Farm Aid?
Lot's of talk about reforming the Department of Agriculture's practice of giving farmers cash for loads of reasons.
The House (or Da Hey-Ouuuuse for the cool kids) is set to debate a bill that would stop subsidies for farmers with more than $1 million in adjusted gross income. Not huge, and largely cosmetic, but it is something. However it does bring up the idea that maybe, just maybe, all subsidies should cap out at companies making more than $1 million in agi.

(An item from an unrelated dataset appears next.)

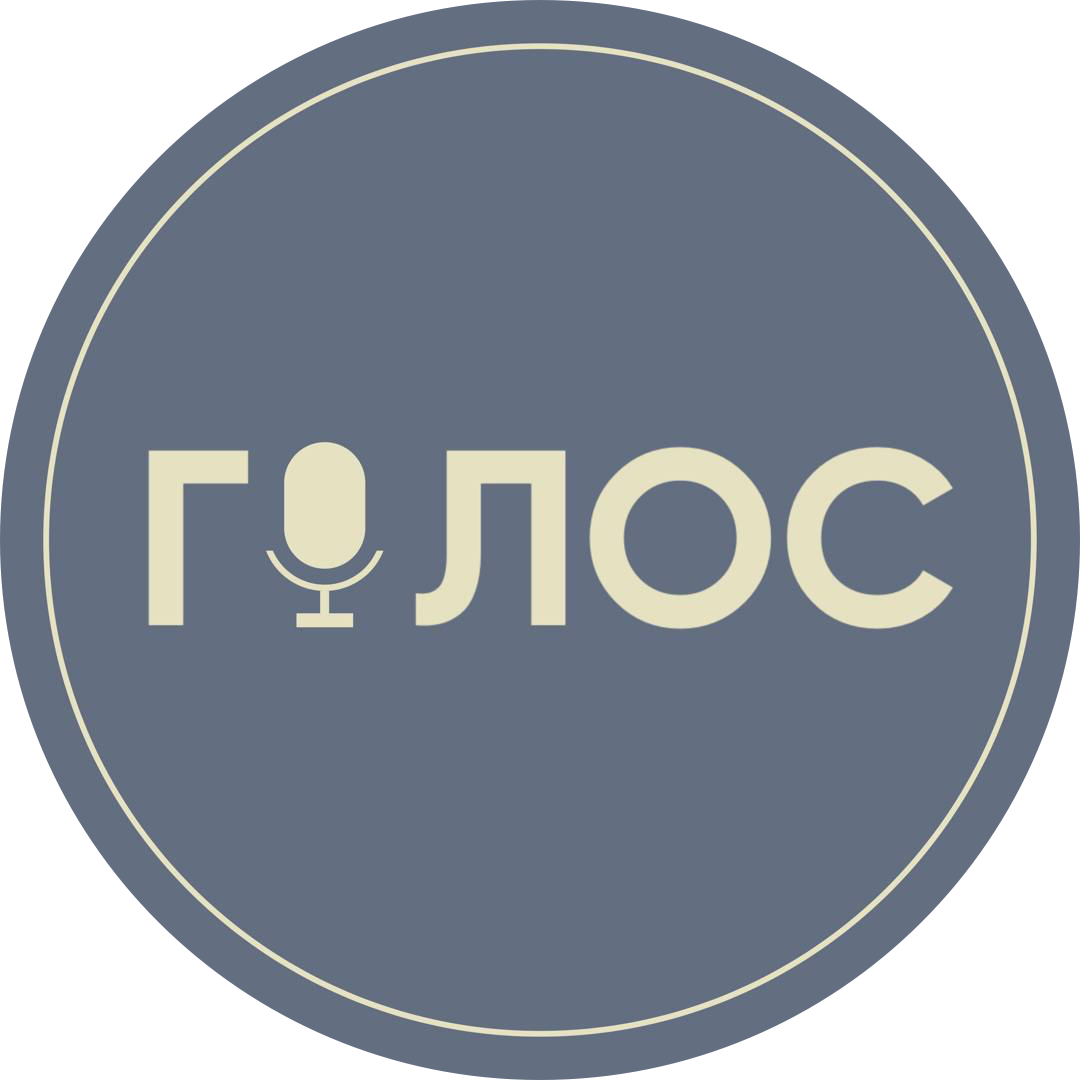 Латыпова Наиля Раисовна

Also, turns out the Department of Agriculture paid out over $1.1 billion to dead farmers. Wow. the aptly acronymed DOA relies on the kindness of others to report when someone dies and payments should stop. My favorite is that the DOA not only defends this practice of trusting people to say "Hey, quit sending me free money" but actually has the gall to then say, "that any overpayments would amount to less than 1 percent of farm subsidies paid between 1999 and 2005." This tells you two things. One, the DOA pays out way too much money. Two, and more importantly, some bureaucrat feels that $1.1 billion just isn't a lot of money. $1.1 billion is "oh well, what can you do?" I feel like just uttering those words is a fireable offense.

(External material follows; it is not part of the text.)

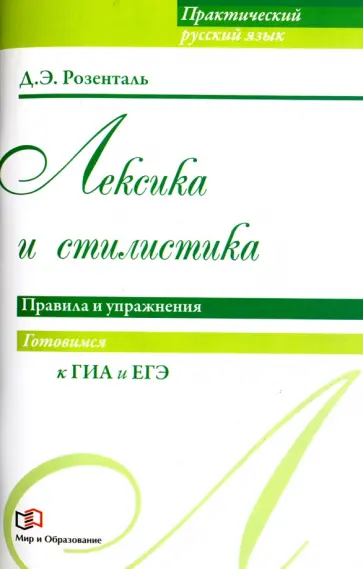 Дитмар Розенталь - Лексика и стилистика. Правила и упражнения Дитмар Розенталь - Лексика и стилистика. Правила и упражнения обложка книги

And this leads me to today's rant. The problem with government is that people are spending other peoples money. Lots of it, with no repercussions or context. Its always, always easier to spend a lot of someone else's money. The same folks that cut out coupons (always a smart move) are the same folks that feel like any random spending project is OK. The good news for all the H-Blog's readers (Hi Ma) is that I don't just come with rants, I come with solutions. My humble solution is to tie government pay to spending. Waste 1% of your budget, you lose 1% of your pay. Go over budget by 10%, you give 10% of your pay as the first "loan" in to cover it. If wasting 1% of my money isn't a big deal, you can certainly give up 1% of yours. If something is so important that you need to blow the budget by 10% certainly it must be important enough for you, the decider, to put up 10% too.
Now to come out of the rant. The DOA already pays out subsidies to dead farmers for two years so the family has time to get its affairs in order. Nice sentiment, but why does that only apply to farmers? Why can't every estate get money from the feds when there's a death in the family? Shouldn't the estate of an owner of a restaurant get two years of free money to get things in order? Look, I have to admit that I have a soft spot farmers. I think a nation needs to be able to feed itself, I look at it as a matter of national security. But some of these provisions are just too much. I'd probably be cool with some kind of federally backed insurance pool.
1 comment:
More on federal insurance here, near the bottom:
http://www.washingtonpost.com/wp-dyn/content/article/2007/07/11/AR2007071101995.html
Also from the article:
"The largest 8 percent of farms receive 58 percent of the payments. Farms with revenue of $250,000 or more receive payments averaging $70,000."
My favorite from the MSNBC article: The inevitable blaming of big government problems on "staff shortages."